'''

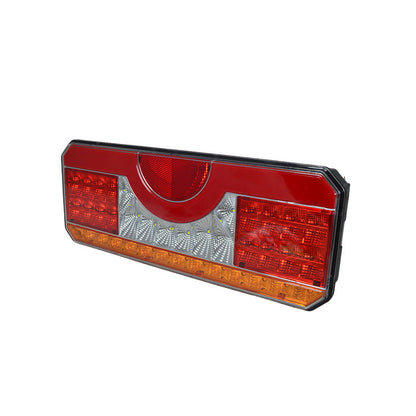 Feu arrière gauche LED, 35 cm, 12/24 V, design cintré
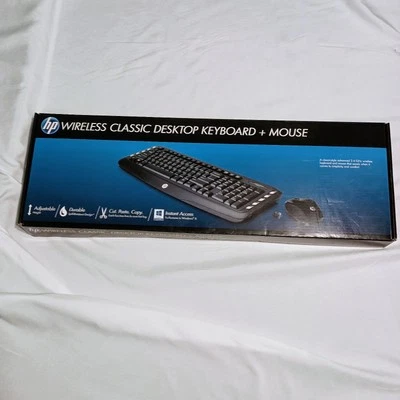  HP Wireless Classic Desktop Keyboard and Mouse LV290AA, Open box, never used - Image 1 of 4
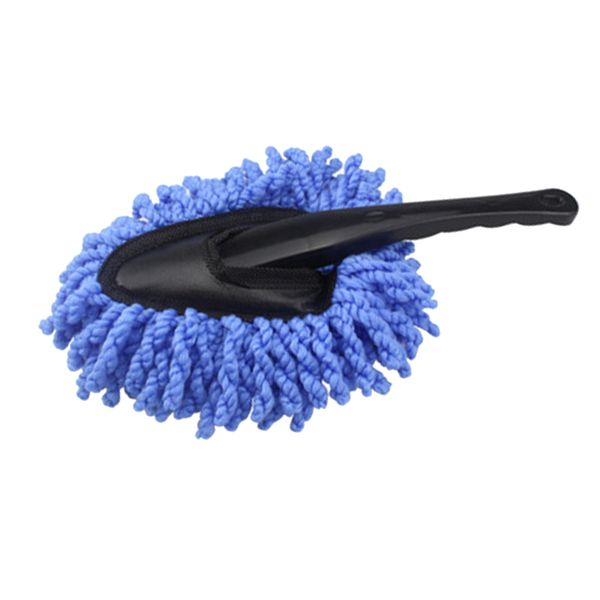 Car Wax Brush Microfiber Blue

'''

EXERCISE GOAL >>
Copy out all the data exactly. The images should not appear in the copy.

EXERCISE RESULT >>
 Feu arrière gauche LED, 35 cm, 12/24 V, design cintré
  HP Wireless Classic Desktop Keyboard and Mouse LV290AA, Open box, never used - Image 1 of 4
 Car Wax Brush Microfiber Blue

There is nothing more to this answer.